Verificando agora até que ponto a Sociedade União Popular alcançou de fato seus objetivos nas cinco décadas que se seguiram à sua fundação pois, é esse o período que interessa mais de perto aqui. Podem-se destacar entre as realizações duradouras a preocupação com os colonos, geralmente casais jovens, que partiam para novas fronteiras de colonização. Para acompanha-los e ampara-los mais eficaz e mais permanentemente, a Sociedade patrocinou, a partir de meados da década 1920 a colonização de Porto Novo (Itapiranga, São João do Oeste e Tunápolis), no extremo oeste de Santa Catarina. No terreno da assistência social concretizou duas instituições de inestimável valor e significado: o asilo e hospital de São Sebastião do Caí, a Colônia de Leprosos e o Amparo Santa Cruz em Itapuã, destinado a abrigar os filhos sãos das mães leprosas internadas.

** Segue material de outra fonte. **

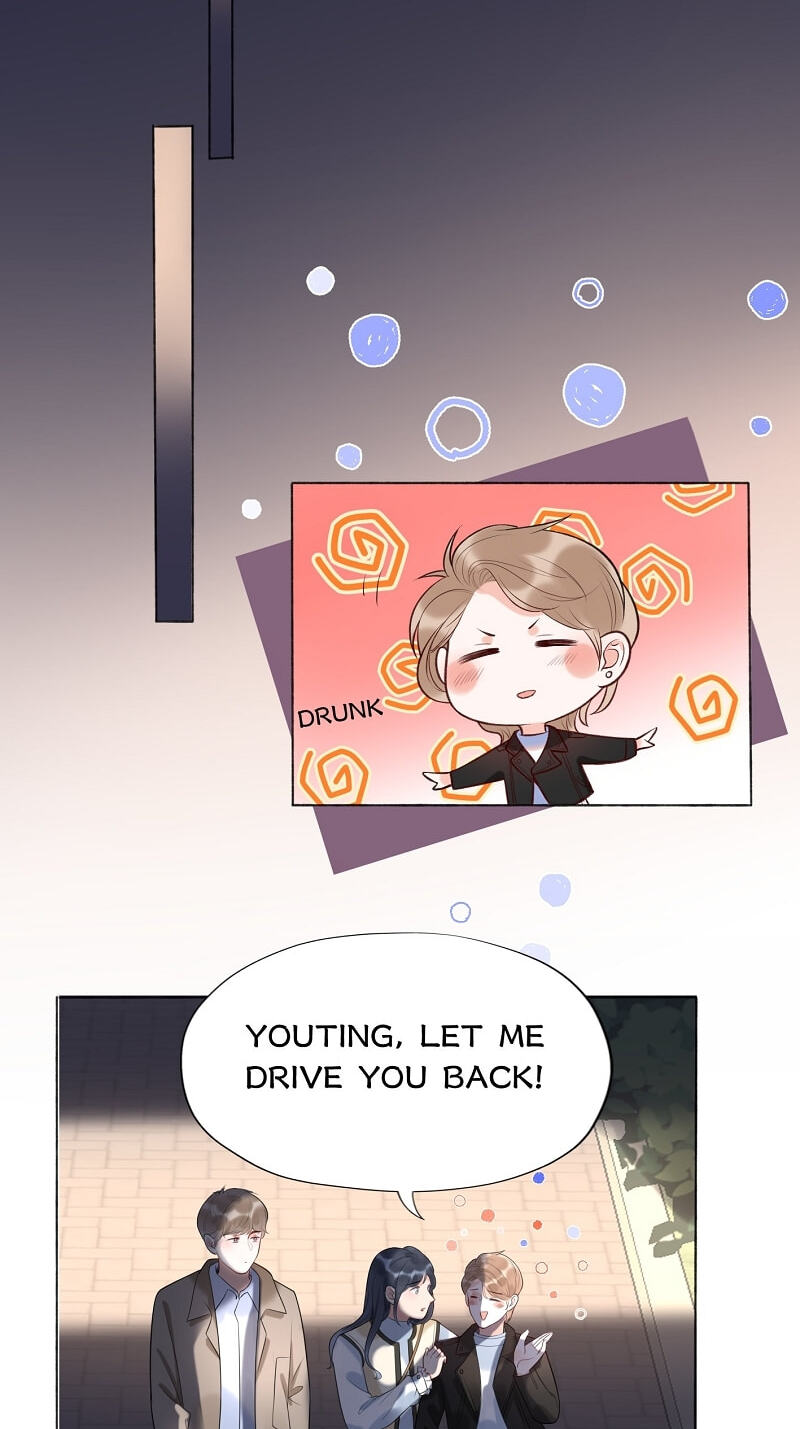 Read The Ex (Colored) chapter 100 image 1 on Lezhin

Mas foi em primeiro lugar durante as décadas de 1920 e 1930 que a Sociedade União Popular dedicou atenção toda especial à escola e educação, à consolidação das comunidades, à vida religiosa, à melhoria e aprimoramento das técnicas de manejo do solo e das lavouras, à difusão do cooperativismo de crédito, de produção, de consumo e de comercialização, à multiplicação e ao aprimoramento da imprensa. De tudo isso pode-se concluir que os teut-católicos ostentavam na época uma organização de grande solidez, coesa e dinâmica e de não pouco peso político. Centenas e milhares de comunidades rurais e urbanas participavam da viabilidade do projeto.